Sanlam Ltd (SLM), a South African-based insurer, is to buy 26 per cent in Shriram Capital Ltd (SCL), part of the Rs 30,000-crore Shriram Group. The estimated investment is Rs 2,000 crore.
According to sources in the Group, $266 million (Rs 1,200 crore) will come as cash from Sanlam. The additional amount will come as upstream investment in the insurance business. “They (Sanlam) will now have indirect holding in the insurance business, through Shriram Capital. Both the companies are waiting for the regulators' nod,” said the source.
Sanlam joined hands with Shriram Group five years earlier to launch Shriram Life Insurance Company Ltd. A 26 per cent stake was taken by Sanlam. After the this, the partners launched a non-life insurance company, Shriram General Insurance Ltd, three years before, in which Sanlam again took 26 per cent.

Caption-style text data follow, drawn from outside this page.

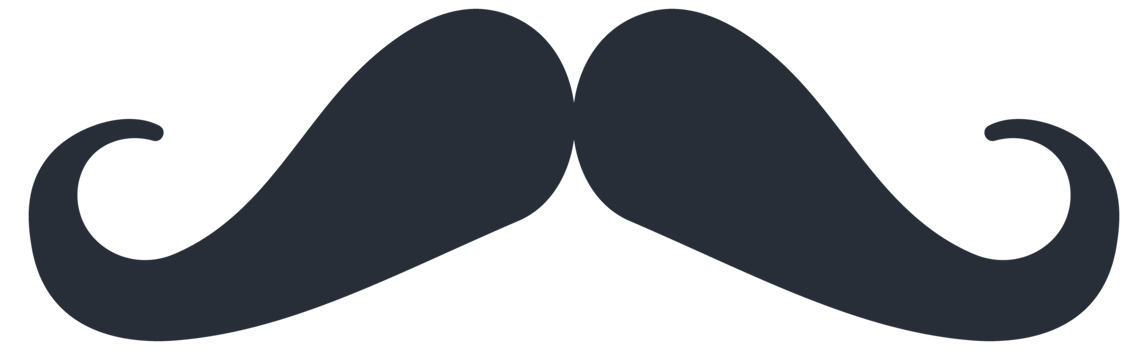 Black icon of moustache. Mustache icon set png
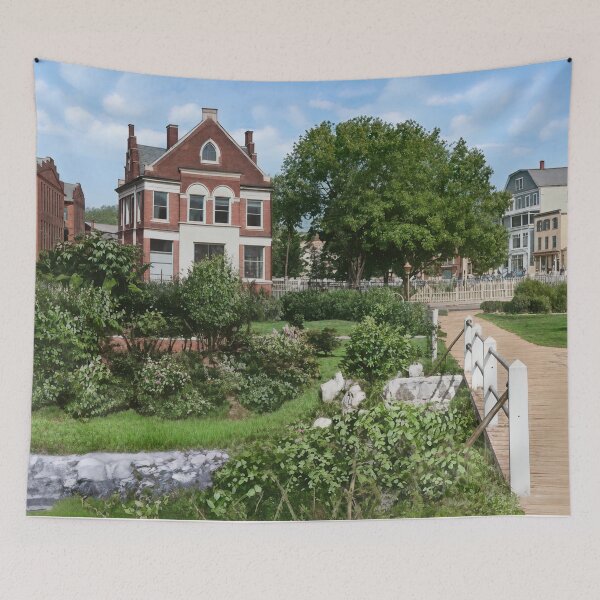Item preview, Charming Historic Town Park with Lush Greenery & Wooden Bridge designed and sold by plugsnpixels.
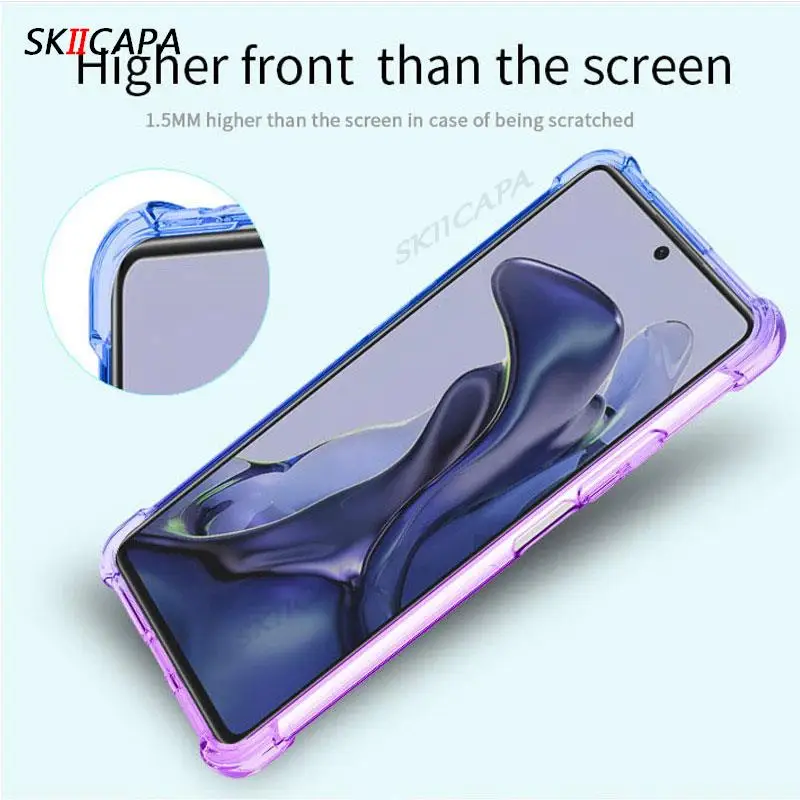 Translucent Gradient Silicone Case with Magnetic Ring Holder - Shockproof & Soft Cover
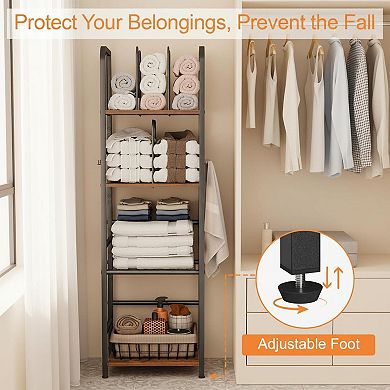 Free Standing 4-Tier Towel Rack Metal Storage Shelf M-Shaped Dividers Bathroom Pool Organizer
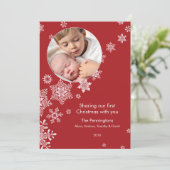 Drijvende sneeuwvlokken Eerste kerstvakantie foto Feestdagenkaart (Staand voorkant)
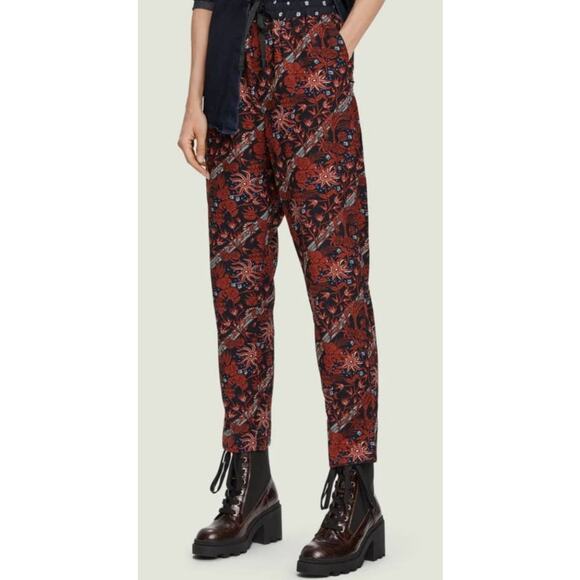 New Anthropologie Scotch & Soda Hanley Trousers $125 SMALL Floral Elastic Waist - Picture 1 of 7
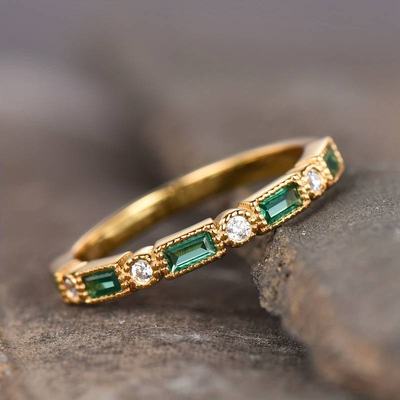 VIVILY | Grüner Einlege-Zirkonia Goldring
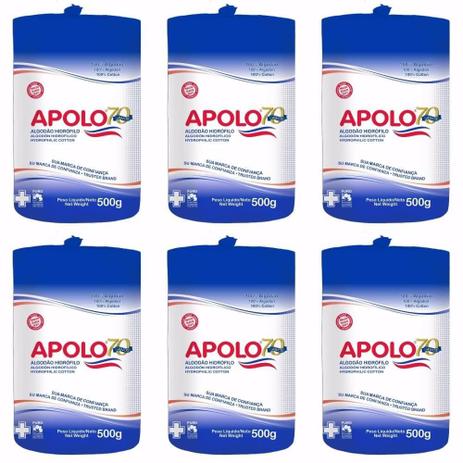 Apolo Algodão Rolo 500g (Kit C/06) Menor preço em Apolo Algodão Rolo 500g (Kit C/06)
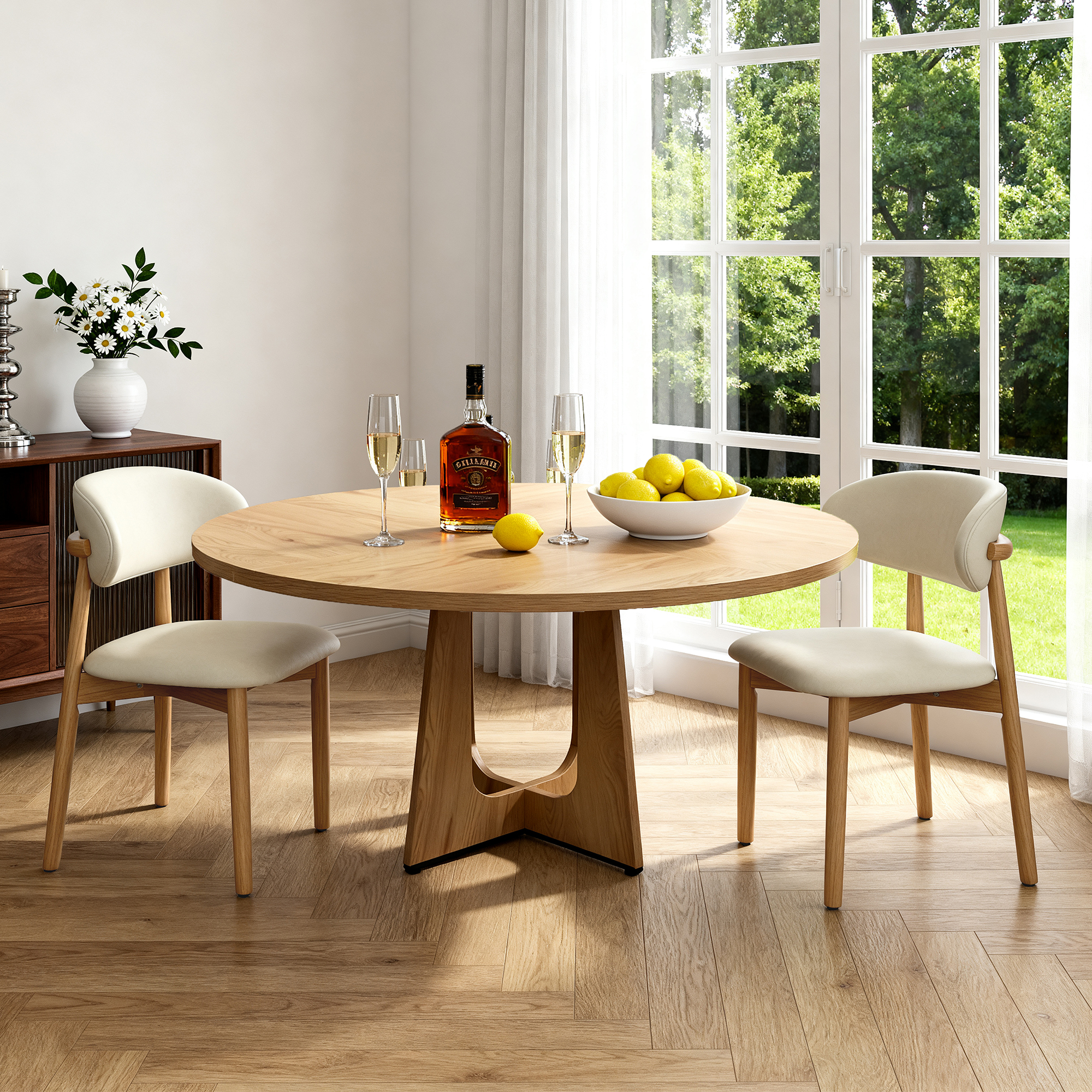 Lot de 2 chaises de salle à manger couleur chêne avec dossier ergonomique, assise rembourrée et pieds antidérapants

“The proposed investment in Shriram Capital came after the confidence which Sanlam got in us, after five years with the Group,” said the source.
He added the investment would not only help SCL expand the insurance business but also help to buy out shares from some of the private equity (PE) investors in the Group. Shriram is a PE favourite, with 23 of these firms having invested in the Group.

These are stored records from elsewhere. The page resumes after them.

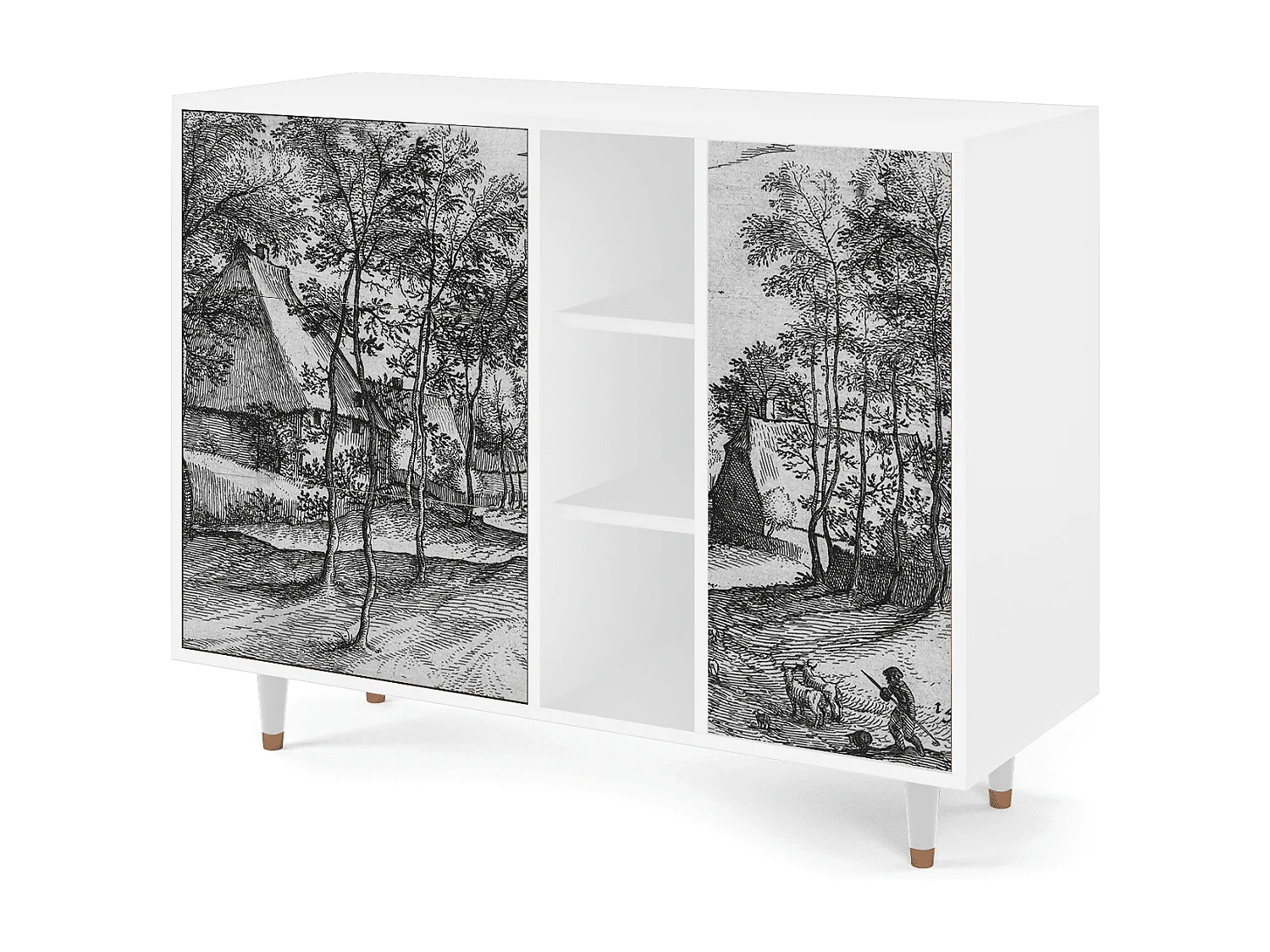 Buffet - 125x98x48 cm - BS2 - Village Road, Blanc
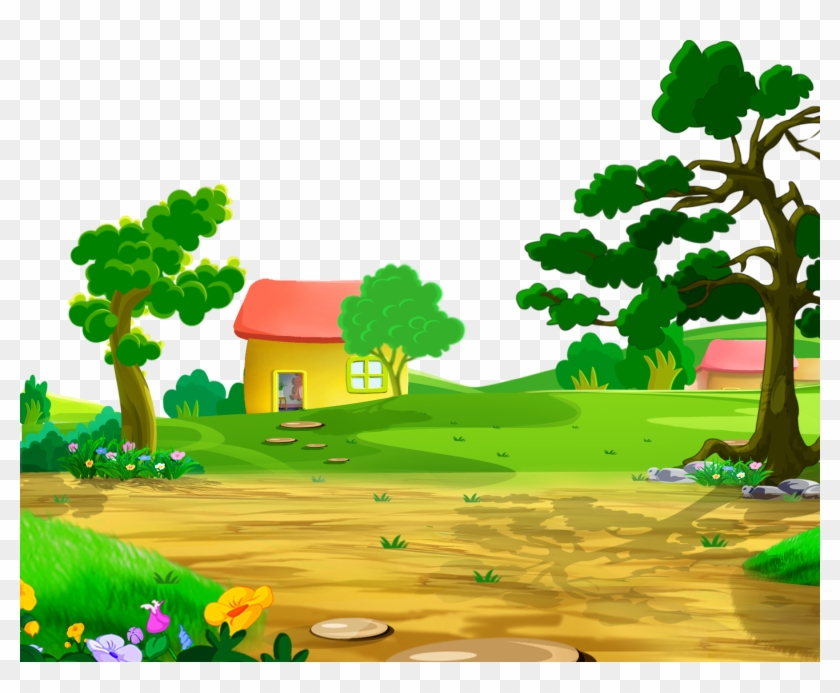 Hd Drawing Landscape - Cartoon Nature Png Clipart #3080907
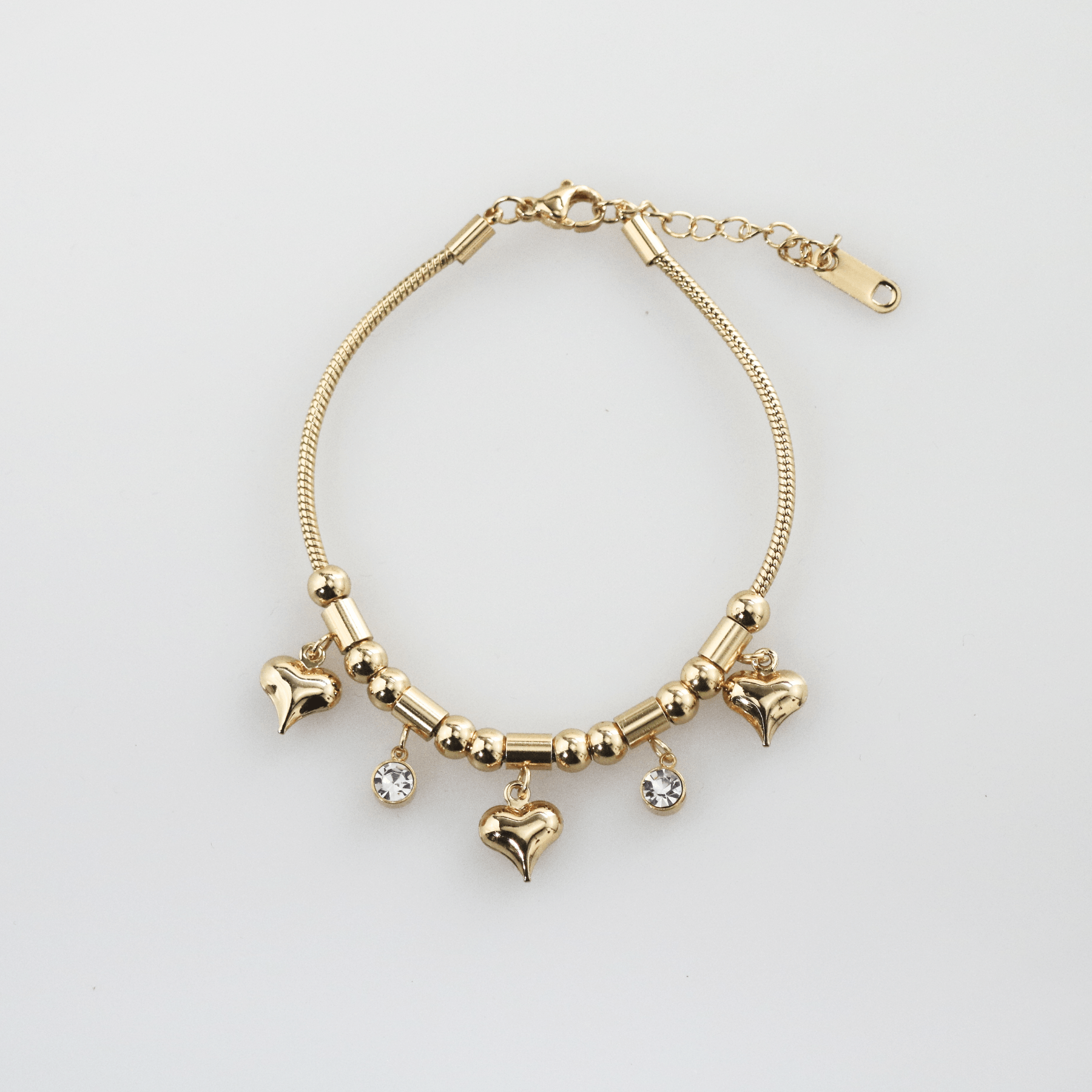 Trilia Charm Bracelet | 18k Gold Plated, Triple Heart Design 0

Besides, the money can be utilised for expansion of other finance business and even for the proposed foray into the banking sector, said the official.
SCL is the holding company for the financial services and insurance entities of the Shriram Group. It is the main promoter of the two listed companies, Shriram Transport Finance Company Ltd, the largest asset financing company in India, and Shriram City Union Finance Ltd, a retail finance company, now foraying into the housing sector.
SCL is also the promoter of Shriram Life Insurance Company Ltd and, recently, Shriram General Insurance Ltd, Shriram Fortune Solutions, Shriram Insight Share Brokers and Shriram Wealth Management.
Yesterday, Shriram CCL, a subsidiary of Shriram Capital, had diluted 10 per cent to private equity (PE) firm LeapFrog Investments, for Rs 67 crore.